Avoiding (and Fixing) Duplicate Content With .HTACCESS
So you just got done putting together the greatest website in the world, chock full of awesome share-worthy content and cutting-edge graphics. You submit your website to all the right places including Google, Bing and all the right social media websites. One month later, you aren't ranking for anything, and have no idea why. One reason could be: you have duplicate content hiding somewhere on your site and don't know it.
What is Duplicate Content?
Duplicate content generally refers to substantive blocks of content within or across domains that either completely match other content or are appreciably similar. Mostly, this is not deceptive in origin. - Source
Google knows that not all duplicate content is deceptive, but the search engine can still make mistakes and penalize you for having duplicate content on your site (more on that in another article). Common CMS's like Joomla and Wordpress have code written into their backend that generates additional URL's all on their own without politely letting you know. So how do you fix duplicate content you can't even see or know exists? We're getting there. First, let's understand what .htaccess is and what it does.

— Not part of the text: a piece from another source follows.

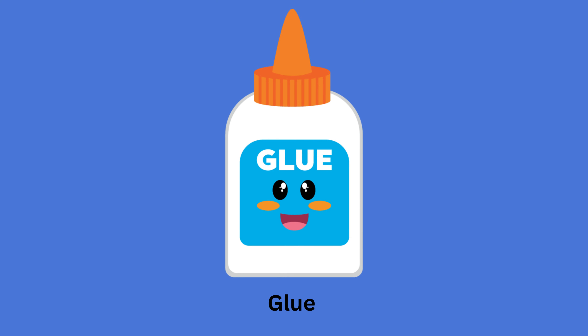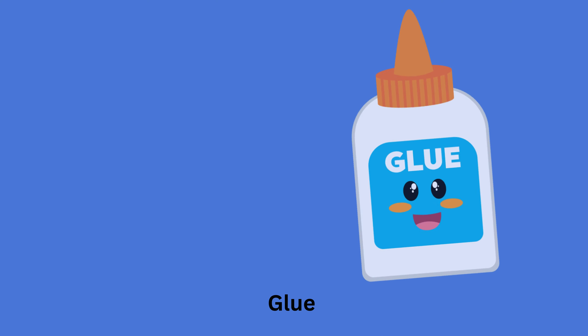Hello kids! Today we are going to learn some new vocabulary words related to things you might find in a classroom. Let's get started.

What is an .HTACCESS File?
An .htaccess file's technical definition is "a directory-level configuration file supported by several web servers, that allows for decentralized management of web server configuration." Source link. Sound technical? We said it was, but it doesn't have to be. The real world definition for an .htaccess file would be something like "the text file that controls how the server handles requests for information and allows your internet browser to locate the right pages to send a user." Sound better? You're welcome ;)
How Do I Edit My .HTACCESS File?
Editing your .htaccess file is simple. You can use either Dreamweaver, notepad (Windows), text edit (Mac) or any text editor of your choice. You will need an FTP (file transfer protocol) program installed on your computer to allow you to download the .htaccess file from your server. Some of the FTP programs we recommend are WinSCP for Windows PC's or Filezilla and Transit for Mac users. Once you have an FTP program installed, it's time to locate the file, download and begin editing. Login to FTP using the server username and password for your website. If you do not have this information, contact your web host for details. NOTE: Everyone should have the FTP username and password for their website. Once you get this from your host, save it safely and securely on your computer.
Time to Edit!
Ok. If you made it this far and are still with us after speaking about FTP and server nerd talk, Great job! You are a real trooper and deserve a pat on the back *virtual back pat*. Don't worry, we will help to explain every rule in detail that you are about to add to your .htaccess file.
IMPORTANT! - Modifying your .htaccess file without care and attention to detail can potentially redirect users to the wrong areas of your site, or allow your site to not display at all. Before adding or removing any data to or from your .htaccess file we highly recommend downloading and storing a backup of this file. Create a folder on your desktop called "old htaccess" and save it there.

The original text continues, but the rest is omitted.